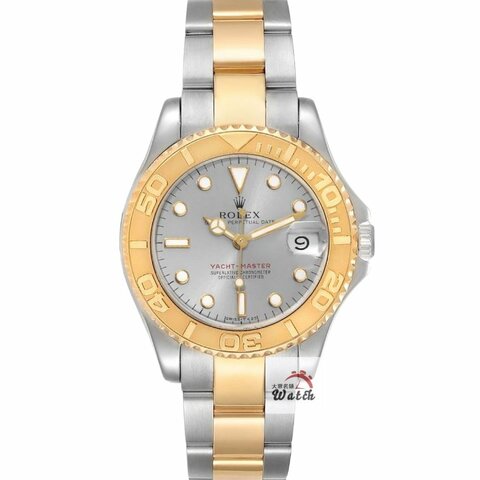 【大眾名錶】ROLEX 勞力士168623 Yacht-Master 中型款 遊艇名仕 黃K金錶圈 灰色面盤 錶徑35mm 自動上鍊 B1391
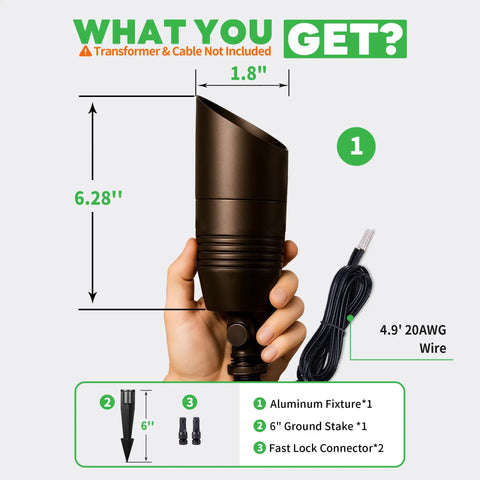 Outdoor LED Spotlight 12V ACDC Wired Adjustable Color Temperature 3000K 4000K 5000K Waterproof Landscape with components and specs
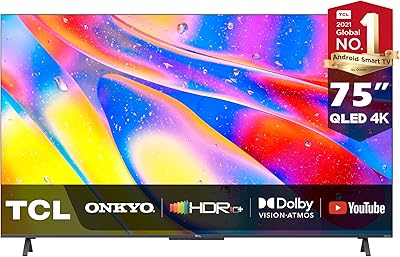 TCL 75 inch Qled Android AI Smart UHD TV with Dolby Atmos, HDR10+ and Hands -free vocal command -75C725 (1 year warranty).. Discover the convenience of DIAYTAR NIGERIA's vast product range delivered affordably in 5-8 days.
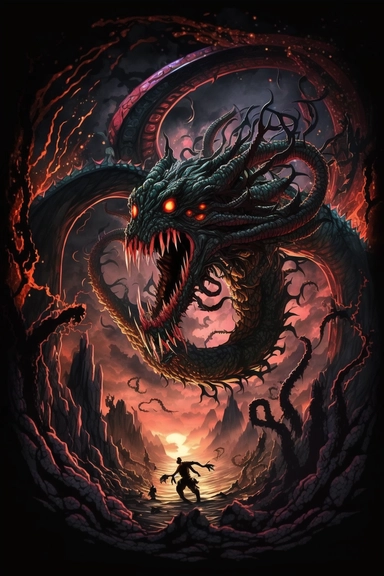 In the depths of the abyss, a colossal Leviathan looms, its form sinuous and serpentine, with scales as black as onyx. Swimming nearby, a terrifying Cthulhu surveys the scene with its multitude of eyes, its tentacles writhing in the dark waters. Above the waves, a Nightmare gallops across the sky, its flaming mane leaving a trail of crimson behind it. Perched on a rocky outcropping, a Chimera snarls ferociously, its many heads snapping and biting at the air. And lurking in the shadows, a Doppelg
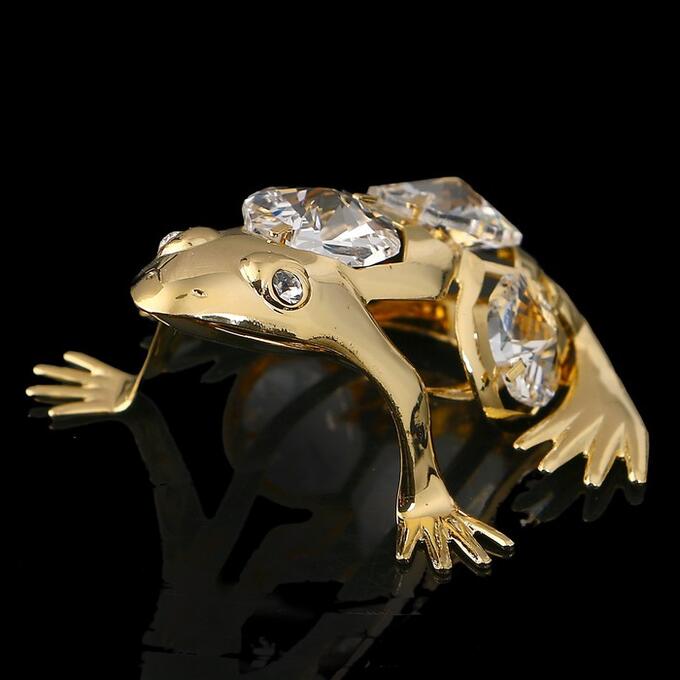 Сувенир «Лягушка», 5*6*3 см, с кристаллами Сваровски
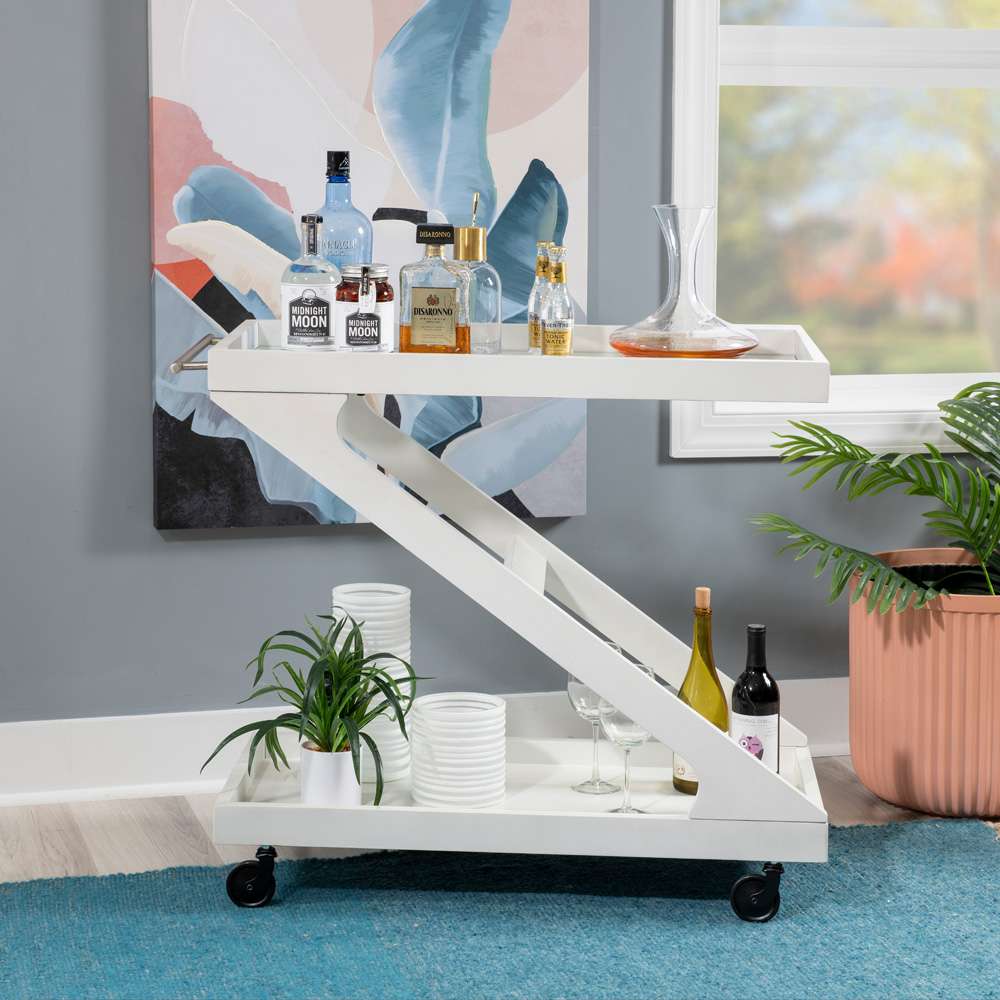 Powell Company - Marlon Wood Rolling Bar Cart, Antique White - D1520LA23NAN veiw 4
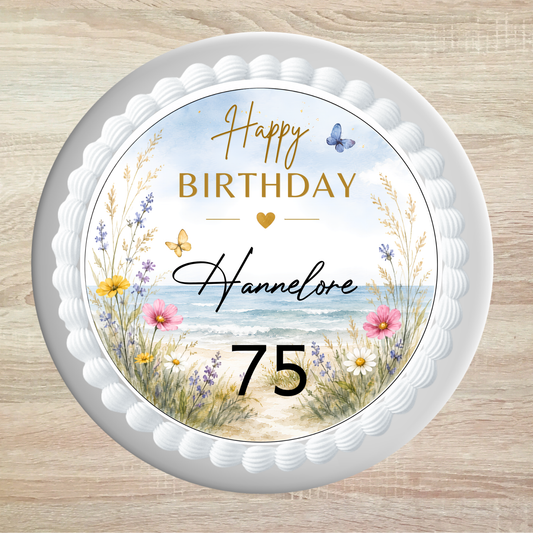 Tortenaufleger Blumen Frau Geburtstag – personalisierbar mit Name & Zahl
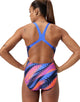 Speedo - Allover Digital Powerback Swimsuit - Blue/Multi - Model Front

Task prompt
Output the listing exactly, without images.

Expected answer
 【大眾名錶】ROLEX 勞力士168623 Yacht-Master 中型款 遊艇名仕 黃K金錶圈 灰色面盤 錶徑35mm 自動上鍊 B1391
 Outdoor LED Spotlight 12V ACDC Wired Adjustable Color Temperature 3000K 4000K 5000K Waterproof Landscape with components and specs
 TCL 75 inch Qled Android AI Smart UHD TV with Dolby Atmos, HDR10+ and Hands -free vocal command -75C725 (1 year warranty).. Discover the convenience of DIAYTAR NIGERIA's vast product range delivered affordably in 5-8 days.
 In the depths of the abyss, a colossal Leviathan looms, its form sinuous and serpentine, with scales as black as onyx. Swimming nearby, a terrifying Cthulhu surveys the scene with its multitude of eyes, its tentacles writhing in the dark waters. Above the waves, a Nightmare gallops across the sky, its flaming mane leaving a trail of crimson behind it. Perched on a rocky outcropping, a Chimera snarls ferociously, its many heads snapping and biting at the air. And lurking in the shadows, a Doppelg
 Сувенир «Лягушка», 5*6*3 см, с кристаллами Сваровски
 Powell Company - Marlon Wood Rolling Bar Cart, Antique White - D1520LA23NAN veiw 4
 Tortenaufleger Blumen Frau Geburtstag – personalisierbar mit Name & Zahl
 Speedo - Allover Digital Powerback Swimsuit - Blue/Multi - Model Front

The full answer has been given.